Many thanks to Trina from our local homeschooling list who shared this link for an incredibly nifty way to multiply. Too cool!
A while back, Wonderboy’s OT gave me a booklet to read about something called “Suck-Swallow-Breathe Synchrony.” At first glance, I wouldn’t have expected it to revitalize the study of math in my home, but that is exactly what has happened.
The booklet describes how the coordinating of these three actions—sucking, swallowing, and breathing—is the brain’s first major task after a baby is born. Successful “SSB Synchrony” lays the groundwork for umpteen other developmental milestones down the road. The entire discussion was fascinating, but what really jumped out at me was the description of how, later in life, the brain uses SSB synchrony as a tension reliever or to help focus on other tasks. This is why Michael Jordan sticks out his tongue when he’s playing basketball. This is why people chew on pens, mints, and fingernails. This (I now realize) is why I seem to be incapable of writing a novel without consuming vast quantities of gummy bears or gumballs. I always thought it had to do with being a sugar junkie.
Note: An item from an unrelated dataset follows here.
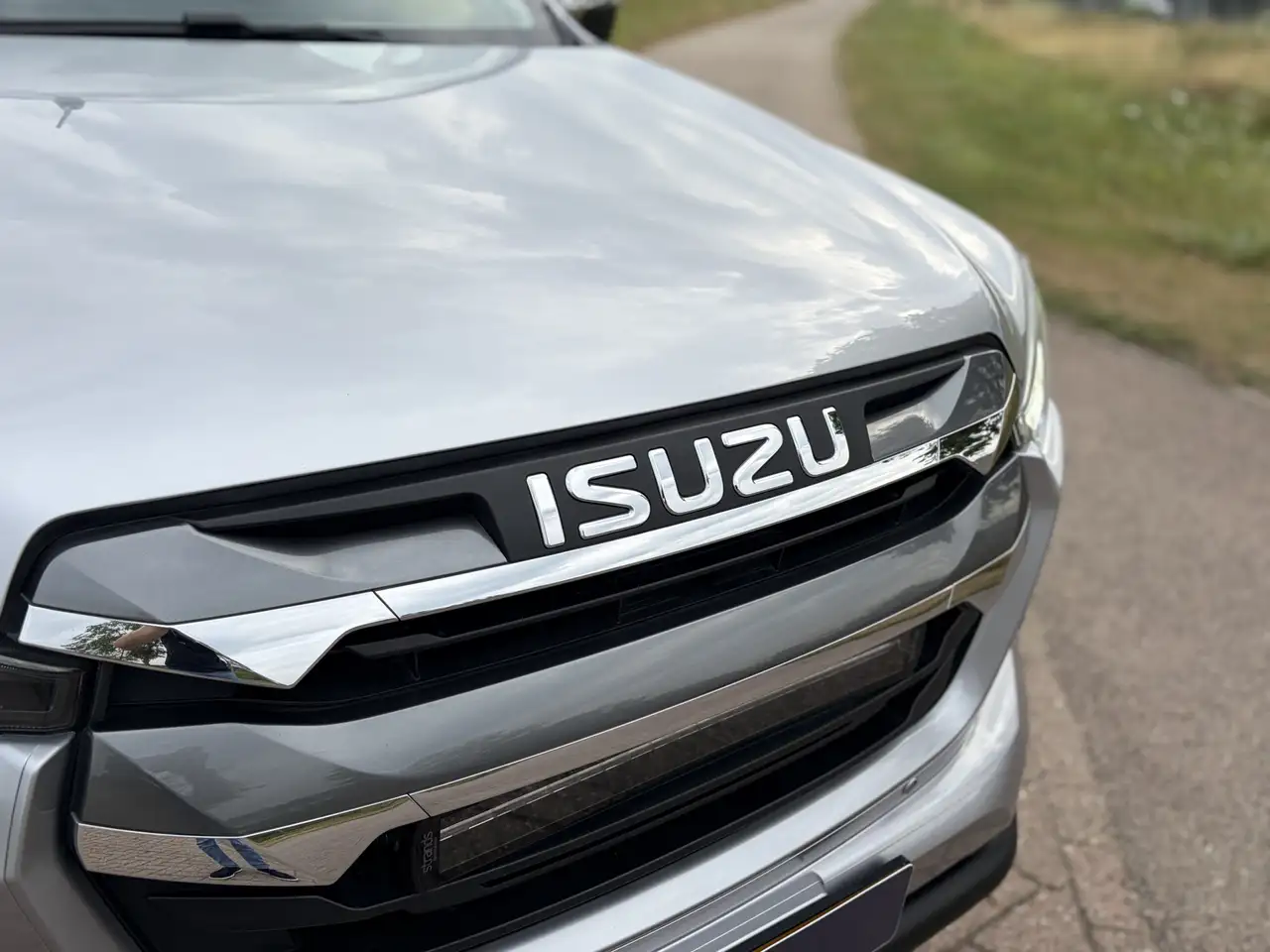 Isuzu D-Max 2024 — фото 12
I now understand that it’s about the chewing—it helps my brain to concentrate on the work.
Adults, the booklet explained, quite unconsciously avail themselves of the concentration aid provided by oral stimulation. I am reminded of the editorial meetings of my past: almost everyone at the table had something to sip, munch, or chew. Kids gnaw pencils in school, but gum isn’t usually allowed, for obvious and logical reasons. But our OT told about how she used to work in a school for the deaf, and when she convinced the parents to allow the kids access to pretzels and gummy worms while they did their schoolwork, productivity skyrocketed. A child who would normally have spent 45 minutes struggling through a page of math was now finishing his work in 10 minutes.
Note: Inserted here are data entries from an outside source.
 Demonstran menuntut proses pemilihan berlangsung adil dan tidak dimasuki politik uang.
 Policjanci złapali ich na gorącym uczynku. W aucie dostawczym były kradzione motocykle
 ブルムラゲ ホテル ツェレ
My kids, having heard snippets of this conversation, immediately saw the possibilities.
“Let’s test the theory!” cried Jane, my junior scientist.
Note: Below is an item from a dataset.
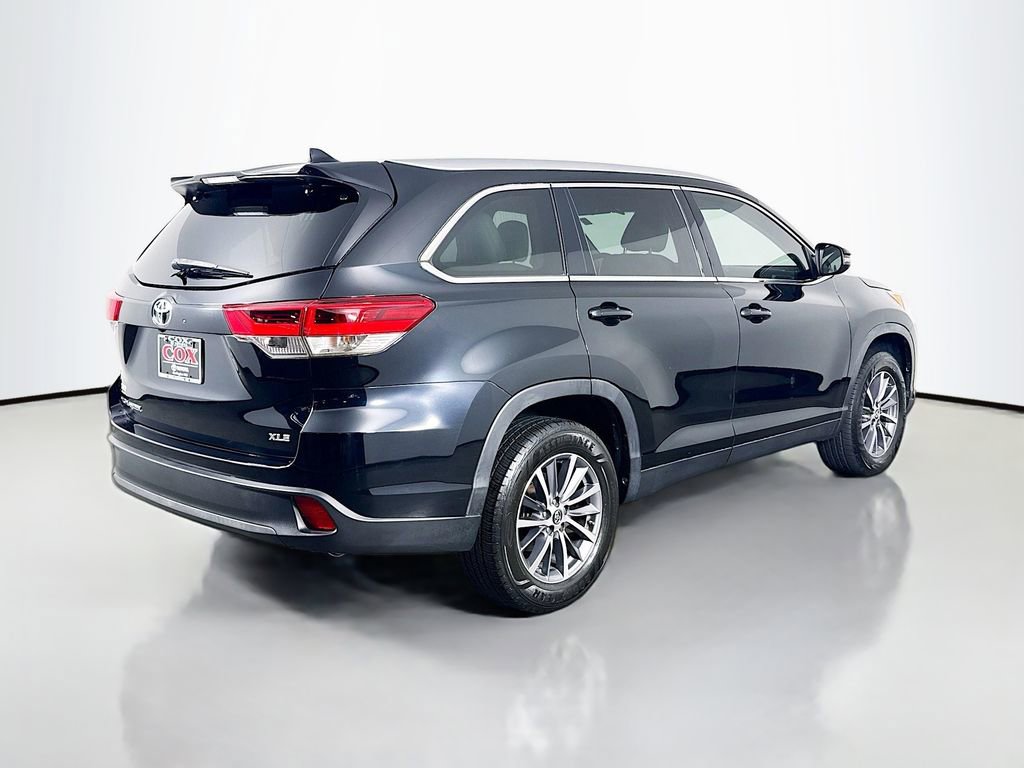 Used 2019 Toyota Highlander XLE image 5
“Mommy, where’s some gum?” asked Rose, wasting no time. “Let’s all do some math and see if it works.”
“I want to do math too!” wailed Beanie, who, being only four, hasn’t yet climbed on the family Math-U-See bandwagon.
“Mom will make up some problems for you,” reassured practical Rose.
And so began a routine that now occurs several times a week, unprompted by me. The kids get out math books, and that’s my cue to produce some gum. They chomp contentedly and work with impressive concentration. Whether the Impressive Concentration is indeed the effect of the gum, or whether it is the effect of the desire to continue getting gum (heretofore a rare luxury), I cannot say. And I don’t much care.
Truth be told, Jane is one of those people who loves numbers and patterns and mathematical puzzles and formulas. She is working through her great-uncle’s latest college math textbook for fun. I know, I know, it seems weird to me too. But then, when I look at a window with twelve panes, I see twelve rectangles, or maybe thirteen, counting the whole window. Jane sees—oh, I don’t know how many—my brain went numb after she passed the two dozenth rectangle. (Maybe I needed some gum.) She has That Kind of Brain. So really, I’m not sure how much additional assistance the bubble gum is giving her. But what the hey. It cracks me up to hear the girls literally beg me to “let them” do some math. Gee, I’m such a nice mommy—I always say yes.